Captioned web image data:
────────────────

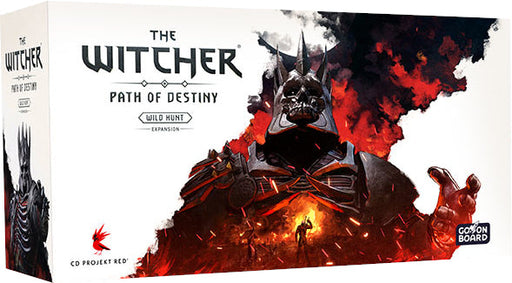 The Witcher: Path of Destiny - Wild Hunt - for just $54.99! 
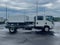 2024 Chevrolet Low Cab Forward 4500 HD MEDIUM ASH GRAY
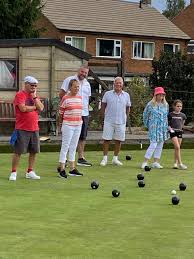 Image result for Shepshed Town Bowls Club
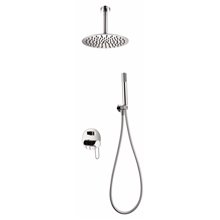 Conjunto de ducha Thalos Imex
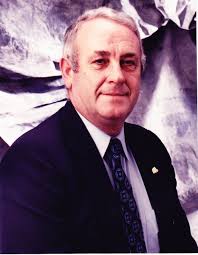 Geoffrey Reading Obituary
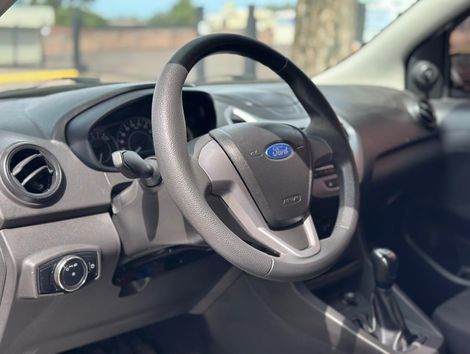 Ford Ka 1.0 SE/SE Plus TiVCT Flex 5p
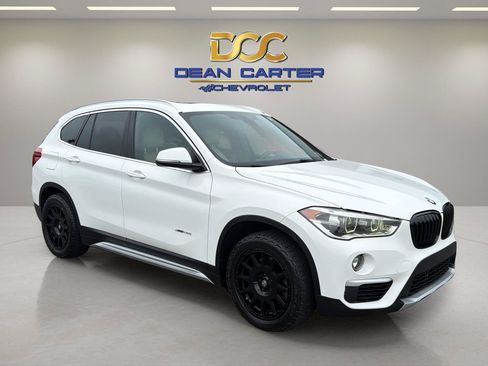 Used 2016 BMW X1 xDrive28i AWD/4WD image 7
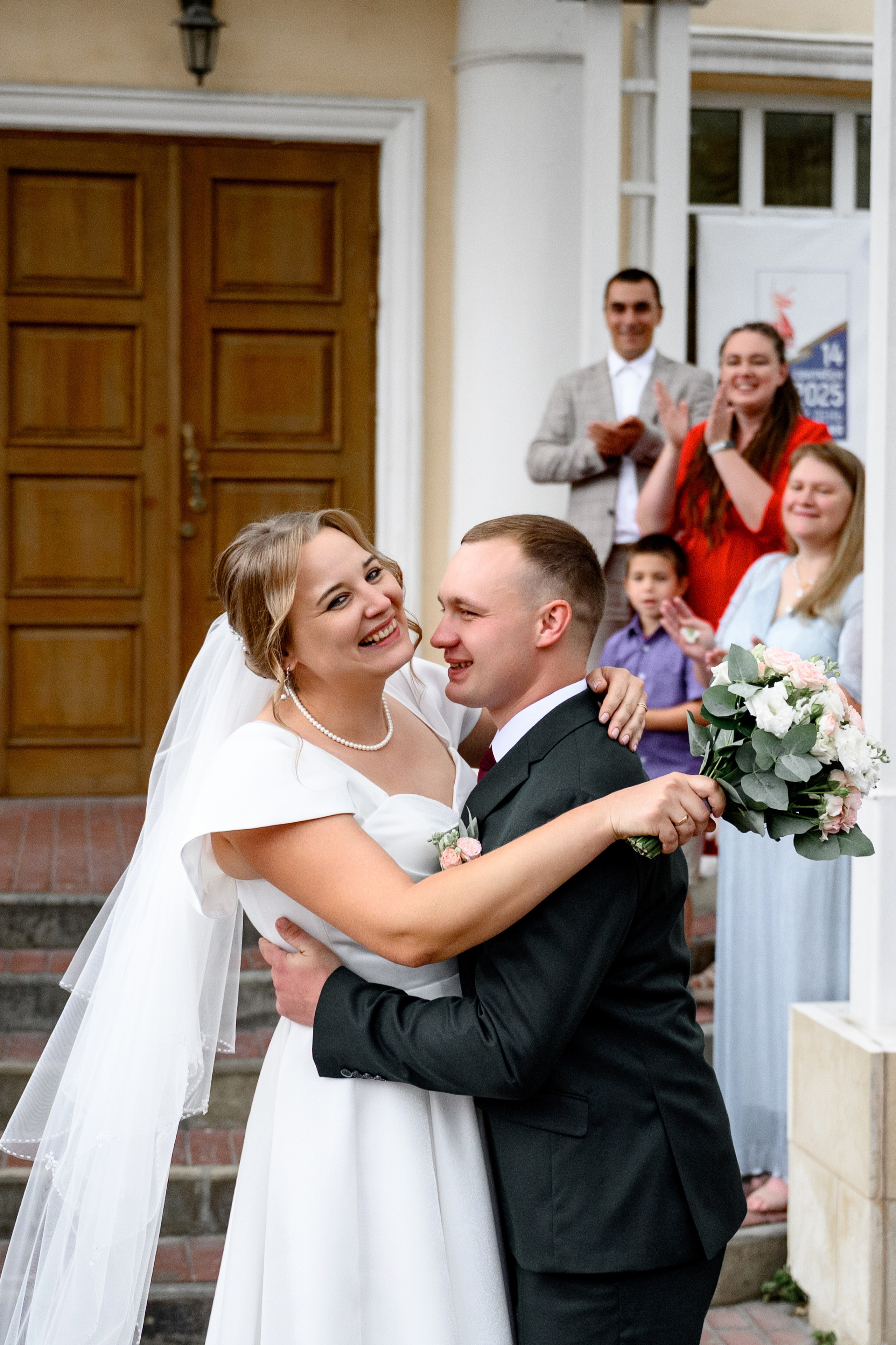 Nadezhda & Alexey. Фотограф в Липецке Ковалько Евгений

────────────────

Exercise objective:
A verbatim copy of every record is required, with all pictures excluded.

Result of this task:
 The Witcher: Path of Destiny - Wild Hunt - for just $54.99! 
 2024 Chevrolet Low Cab Forward 4500 HD MEDIUM ASH GRAY
 Image result for Shepshed Town Bowls Club
 Conjunto de ducha Thalos Imex
 Geoffrey Reading Obituary
 Ford Ka 1.0 SE/SE Plus TiVCT Flex 5p
 Used 2016 BMW X1 xDrive28i AWD/4WD image 7
 Nadezhda & Alexey. Фотограф в Липецке Ковалько Евгений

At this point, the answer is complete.